Era uma velha amizade e todos sabiam. Rondava o encantamento até. Eram inconfundivelmente perfeitas no que faziam. Davam a impressão de serem tão ternas que o excesso de abraços poderia derretê-las. Assim eram minha mulher Gianni e sua amiga Elna. As pessoas de nosso círculo de amizade se surpreendiam como se nunca tivessem tido amigos do mesmo sexo. É claro, diziam, é tudo muito bonito, adoro, ele adora, nós adoramos. Admiramos tão vasta e impetuosa amizade. Gozavam de mim, os pulhas. Perguntavam como eu me sentia vendo tudo aquilo. Aquilo o quê? Eu dissimulava. Perguntavam sempre sobre minha adesão ultra modernista às coisas da vida, já que eu, um homem maduro e bem-sucedido engenheiro, possuidor de incontáveis atributos, embora conservador, chegava agora a encarar os fatos como algo normal. As pessoas não cansavam de me atazanar a vida. E eu me fazia de ingênuo. Elas sabiam ou pensavam que sabiam da minha vida e sempre davam asas a minha fama de conquistador, pois as mulheres ainda suspiravam quando eu passava exalando um caro perfume francês. Eu ria por dentro porque sabia da zombaria dos homens por trás de mim e durante muito tempo recolhi o que eles diziam através de suas mulheres nas camas dos motéis. Sim, eu era mau. E daí? Era a única forma que tinha de me vingar deles. E melhor, em silêncio. Meu conceito era ruim, mas eles me toleravam, tinham mesmo que me engolir. Embora me reconhecessem como um dos melhores calculistas da cidade, eu sabia que me desprezavam devido a minha origem humilde. Eles se enclausuravam num mundo de nuvens de algodão como se fossem parte de uma corte principesca. Na realidade, era um clube de elite, fechado e hipócrita. Um bando de hedonistas, de pervertidos, isso sim o que eles eram.

***


Meu casamento com uma mulher da alta me trouxe alguma vantagem profissional, prestígio, grossos contratos de trabalho e sobretudo respeito, o que não me incomodava nem um pouco, porém havia conversas atravessadas de desconfiança e olhares carregados de hipocrisia, de inveja. Ah! A burguesia… Hoje convivendo com ela posso compreendê-la, mesmo não a digerindo bem.

A minha origem, o meu tão ignorado passado, era razão de certa intolerância de convívio. Mas eu dei um golpe neles, pois não bastava mostrar competência. Esse golpe surgiu por acaso, quando descobri num livro de História um tal governador da Província com um sobrenome semelhante ao meu. Fora um herói nas expulsões dos flibusteiros holandeses que andavam na região no início do século XVII. Sei lá se era meu parente, se não era ficou sendo, pois em troca de umas plantas e de alguns metros de pedra e areia, um pesquisador diletante escreveu um lindo artigo sobre o herói e seus feitos nas páginas do jornal de maior circulação da capital. Saiu num Domingo, dia em que os burgueses leem jornais no terraço. A matéria finalizava assim: “O conhecido engenheiro, Dr. F. é o único remanescente e descendente direto do Capitão-General S., fidalgo da Casa Real, Alcaide-mor e Comendador da Ordem de São Tiago, no Estado do P.”

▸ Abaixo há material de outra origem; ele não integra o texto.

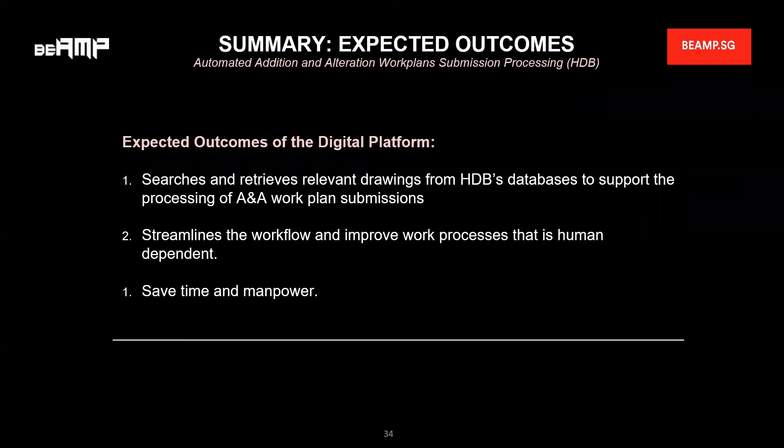To summarize the expected outcome: the digital platform must be able to help us search and retrieve the relevant structural drawings from our HDB database to support our processing of ANA works, and also help us streamline the workflow, improve the work process, minimize human intervention, and ultimately save time and manpower. With that, I'll end my presentation.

O golpe atingiu o alvo. O joão-ninguém que eu era escondia o jogo, diziam, homem de ascendência nobre, imagine, de família fidalga, um verdadeiro continuador da nobreza no Estado.

A burguesia é de morte. Bastou uma notícia no jornal para que nos dias seguintes eu ser badalado nas colunas sociais e até ser assediado nas festas por dondocas solteironas. Só precisava naquele momento saber administrar o golpe. Então me enfurnei nos livros de História ajudado pelo falso historiador em troca de cimentos e tijolos. Juntos fizemos a árvore genealógica parecer verdadeira, e foi um alívio descobrirmos nos códices do Arquivo Público Estadual uma carta do governador Capitão-General a El-Rei, solicitando sua volta a Portugal por causa das fortes dores nos hipocôndrios em função da má qualidade da água e dos alimentos. Suplicava a compreensão de Sua Majestade, pois servi-la era a grande honra de sua família, da qual, como último herdeiro, precisava tomar seu lugar nas vinhas de Vale D’ Ouro e rogar ao bondoso Deus que assaz lhe desse proteção e vida longa pra conseguir seu intento.

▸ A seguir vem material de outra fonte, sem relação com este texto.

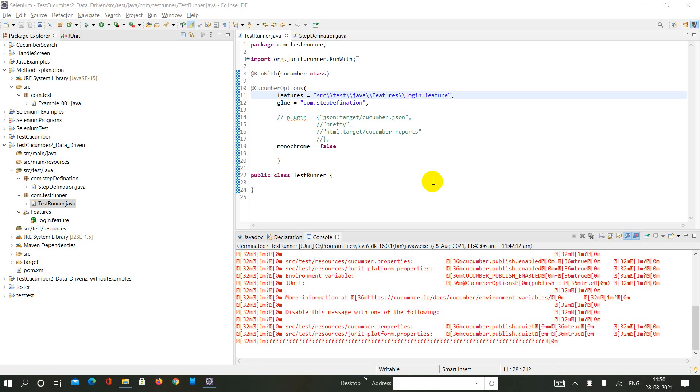Hi, welcome to quickit.net. Today we will be learning about the glue option.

Se ele viveu e teve filhos, nem eu nem o historiador conseguimos saber. Para todos os efeitos seus atos e os de seus descendentes continuavam valendo nos artigos do professor de História, que, nessa altura, pela sua cumplicidade e pela projeção do meu nome, já estava com a casa pronta, só faltavam os azulejos do banheiro.

Durante uns cinco meses o assunto nas rodas dos bares e festas era sobre a história dos antepassados. Chegavam comigo e falavam de seus ancestrais, de nobreza, de como deviam ser bons aqueles tempos na metrópole portuguesa, ou, no mínimo, na corte imperial brasileira. Eu tratava os tempos coloniais como os mais heroicos, de uma época em que se precisava ser macho pra viver, porque cada passo dado era uma luta a ser vencida, etc., etc. … Graças às leituras eu possuía segurança de conhecimento, boa conversa e uma fértil imaginação.

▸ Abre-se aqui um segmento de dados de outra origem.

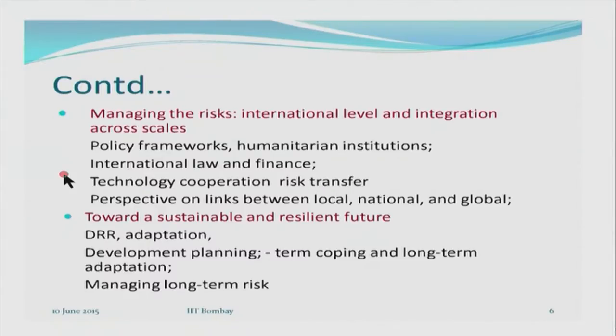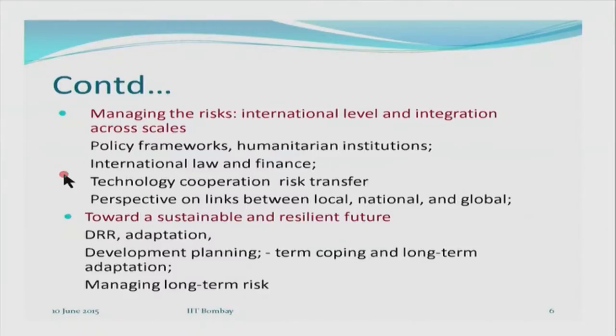Everyone is now working towards a sustainable and resilient future. It is in this context that disaster risk reduction has assumed a lot of importance. Disaster management is very popular and really required. People also try to talk about adaptation — documenting as well as informing people about various adaptation practices that can be done to cope with extreme events. We have been having development planning for a long time. Coping and long-term adaptation have really got into the planning exercise only recently, but at least they have made entry into that. Eventually, managing long-term risk becomes the responsibility of society at large as well as of the policy makers.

Os intelectuais burgueses, travestidos de socialistas, perguntavam por que eu não escrevia ou romanceava a saga da minha família. Achavam que eu poderia ganhar muito dinheiro se pudesse conseguir recursos para produzir um filme. “Fala com o pessoal da Embrafilme, contrata o Comparato para escrever o roteiro…” Fácil, fácil para eles. Misturavam assuntos históricos com religião, chegavam ao cúmulo de dizer que, de repente, eu poderia ser a reencarnação do Capitão-General ou que fulano já foi um faraó, que beltrana teria sido uma prostituta do bas-fond de Paris no período napoleônico, ou que o famoso cirurgião, Dr. W., era um médium competente e apregoava ter sido discípulo de um druida na Escócia em tempos imemoriais. Eu engoli mil bobagens e escutei milhões de asneiras, não obstante concordasse parcialmente com quase tudo. Aliás, só tinha de concordar com aquelas futilidades, pois queria mesmo levar meus interesses à frente.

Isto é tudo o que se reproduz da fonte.